Wander by Bike!
December, 2016 - we're hiring!
Winter Sabbatical for Social media manager
For the first time since founding, we are recruiting help and in a very unconventional way. Bikabout is based in Hood River, OR and we want to share our slice of Pacific Northwest heaven with an experienced professional that needs a break.
Inspire 2-wheeled tourism in great biking cities with gateway drugs for the bike curious AND donate 25% of revenue to transportation advocacy.
Life by bike for 1 of 3 people in cities. When it's normal to see a mom biking her toddlers, children biking to school or an elderly couple riding next to each other, our dream will be realized.
founder & family
It was while hiking 5 nights solo on Appalachian Mountain Club's (AMC) hut-to-hut trails that Megan Ramey got the idea for Bikabout. She had just left an inspiring position as a sustainability consultant and needed time in the woods to ask the question: what next? On the final day's ascent through pine tree covered Mt. Tom, it dawned on her that if an organization could normalize sightseeing by bike like AMC had normalized hiking, they could appeal to the masses, drive bike traffic to local business, reinvest in advocacy for better biking, reward bike friendly cities with tourism dollars and ultimately change peoples' lives with the freedom of two wheels. She liked the name, Bikabout, as a play on walkabout and its imagery of getting lost, self-discovery, new experiences and casualness.
Megan now has the best job in the world continuously learning from communities, traveling, appreciating good design, tasting, drinking, exploring natural and man-made landscapes, listening to KEXP (best radio station ever), falling in love with North American cities and meeting the everyday change makers.
Kyle, her husband, is the volunteer photographer who home brews and it was his obsession with beer that made Megan plan a trip to Portland, buy the book Hop in the Saddle and together they used it to explore the Graceland of bike and beer porn. That book provided the model experience.
Their daughter and her peers are the inspiration for Bikabout. Biking for everyday life gets people outdoors, connects them to their community, frees up time and money and breeds independence.

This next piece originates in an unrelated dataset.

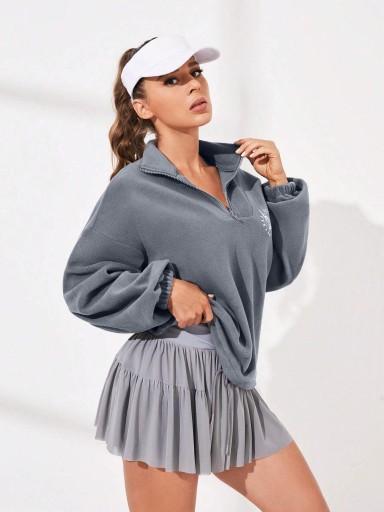 SHEIN SZARA BLUZA POLAROWA ZE ŚCIĄGACZEM NA ZAMEK TENIS S 26492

Seeing Cities Through A Bike Lens
We think the best way to see any city is on a bike. On a bike, you set your own schedule. You leave the second you’re ready, and when you arrive, there’s always parking. When you’re biking, and you smell something delicious, you can go find the source of that wonderful smell and give them some money. If an amazing park inspires you to admire the flowers for an extra hour, you don’t have to worry about parking meters or bus schedules. Seeing a city by bike combines all of the freedom of walking with the range and speed of mass transit. Seeing a city by bike stacks the cosmic deck of unintended happy consequences in your favor by letting you interact with your environmentinstead of watching it go by out a window. You meet people. You discover. You reflect. We want to make all of it very easy.
Bikes Means Business
We also want to make it easier for bike-minded local businesses and travelers to find each other. Right now it isn’t always easy to find the food, lodging, and transit providers who welcome bikes enthusiastically. We’d like to connect people who need services with people who want their business. And those customers on a bicycle are the most mobile and liberated kind there is. They don’t require a parking space, they aren’t worried about parking tickets, and they don’t pass by your business at 45 miles per hour. As peopleforbikes.org said, “Cars don’t spend money -- people do.”
Gateway Drug For The Bike Curious
The bottom line is that biking, and everything about the culture that comes along with it, ultimately makes people happier. When cities make themselves bikeable, they make themselves infinitely more livable. One need only watch an elementary school getting out in Amsterdam, with a queue of waiting parents on bikes chatting with each other instead of a queue of idling cars wrapped around the block, to know that bikes keep us in contact with each other and get us where we’re going pretty quickly. We can’t count how many times we’ve run into friends in Boston or Cambridge as we’re biking home from work, only to ride together and chat (or stop for a beer). We want cities to compete with each other as they try to foster the kind of environment that makes more and more people feel safe enough to try to live this way. And by visiting new cities on a bike, you become a part of this culture.
- Beer, Baked Goods, Ice Cream, Scenery... and the list goes on and on. Whether you're into craft beverages, graffiti and public art, architecture, food or parks, we'll tell you about them and how to get there by bike
- Self-guided Bike Tours - our ambassadors are the eyes and ears of the city and curate the best rides that are scenic, casual and stop at unique cultural, culinary and outdoor oases along the way
travel planning resources
- Lodging Directory - hotels, inns and Airbnb hosts that provide bicycles and other amenities for guests
- Find a Bike - bike share, Spinlister (airbnb for bikes) and bike rental shops, we'll find you a bike preferably with lights, fenders, a rack or basket and a lock
- Flights, Trains, Buses, Ferries, Car share - these all can play a role in getting you somewhere on vacation, extending a day trip into the country or helping you plan a long weekend. Bikabout is your centralized resource for easy to understand policies and costs associated with bringing your bike onboard.